From the material below, please set down exactly the lines starting with the one with "Skoda Octavia |" and going on through the one with "按住Ctrl键+鼠标滚轮缩放", without a single picture.

* [Recorded data]:
>>>>>

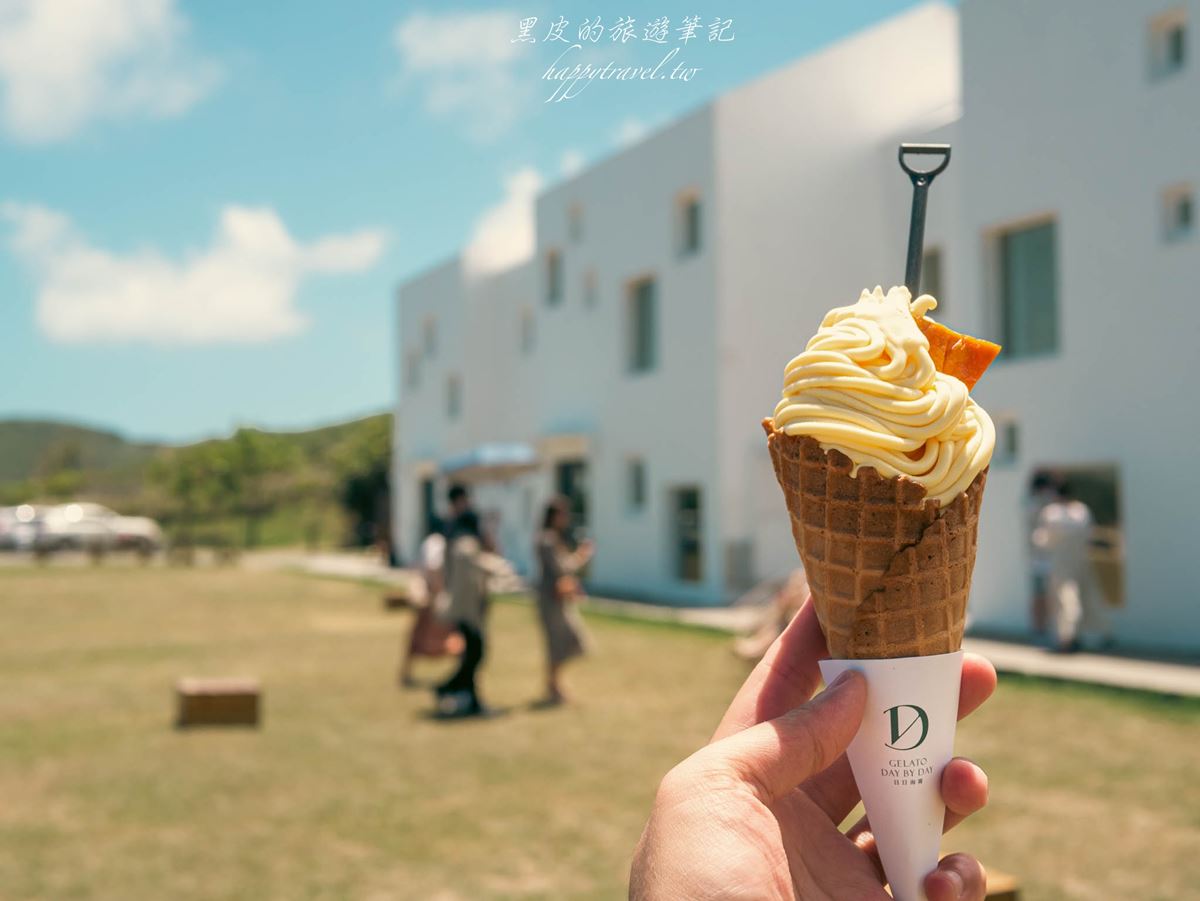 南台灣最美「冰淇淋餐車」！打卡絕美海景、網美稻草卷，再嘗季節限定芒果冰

<<<<<
>>>>>

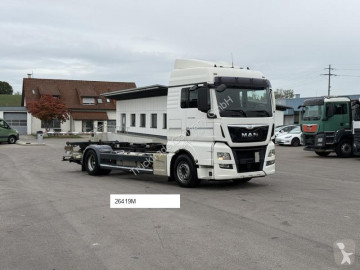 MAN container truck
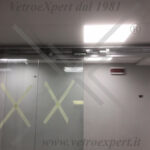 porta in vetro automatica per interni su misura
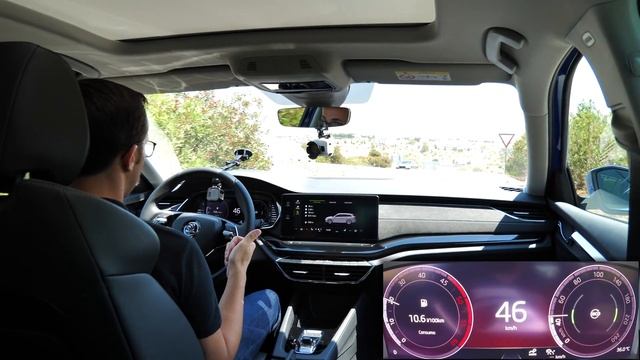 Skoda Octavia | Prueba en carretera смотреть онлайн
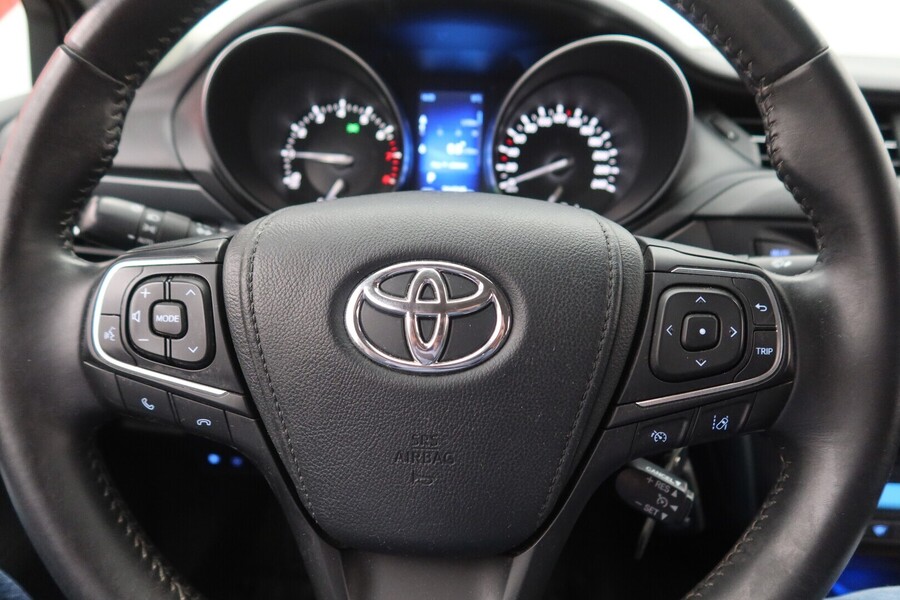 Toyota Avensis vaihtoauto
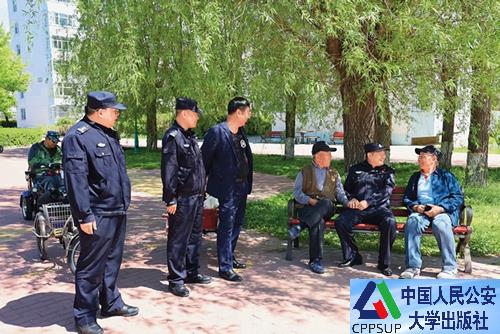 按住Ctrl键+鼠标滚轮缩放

<<<<<
>>>>>

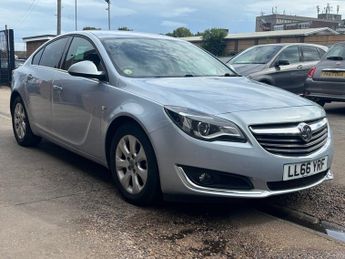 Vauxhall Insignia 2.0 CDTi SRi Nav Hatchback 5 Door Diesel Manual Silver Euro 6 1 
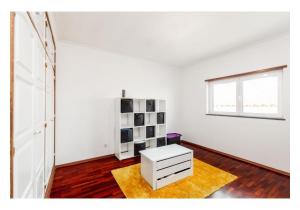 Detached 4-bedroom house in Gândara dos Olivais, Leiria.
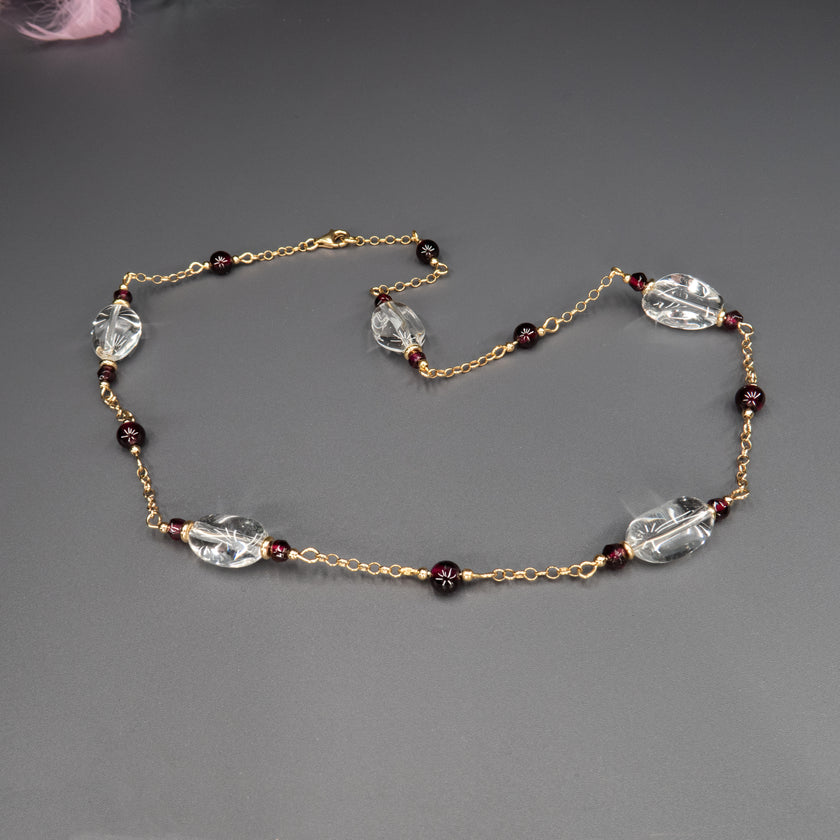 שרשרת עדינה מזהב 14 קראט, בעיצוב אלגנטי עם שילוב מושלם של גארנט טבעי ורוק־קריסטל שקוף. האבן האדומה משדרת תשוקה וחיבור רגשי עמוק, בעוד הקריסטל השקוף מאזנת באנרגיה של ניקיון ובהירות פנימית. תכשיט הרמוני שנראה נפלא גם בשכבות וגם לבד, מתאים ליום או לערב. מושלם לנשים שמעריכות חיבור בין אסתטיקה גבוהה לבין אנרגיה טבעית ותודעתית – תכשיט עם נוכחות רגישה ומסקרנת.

<<<<<

* [Response]:
 Skoda Octavia | Prueba en carretera смотреть онлайн
 Toyota Avensis vaihtoauto
 按住Ctrl键+鼠标滚轮缩放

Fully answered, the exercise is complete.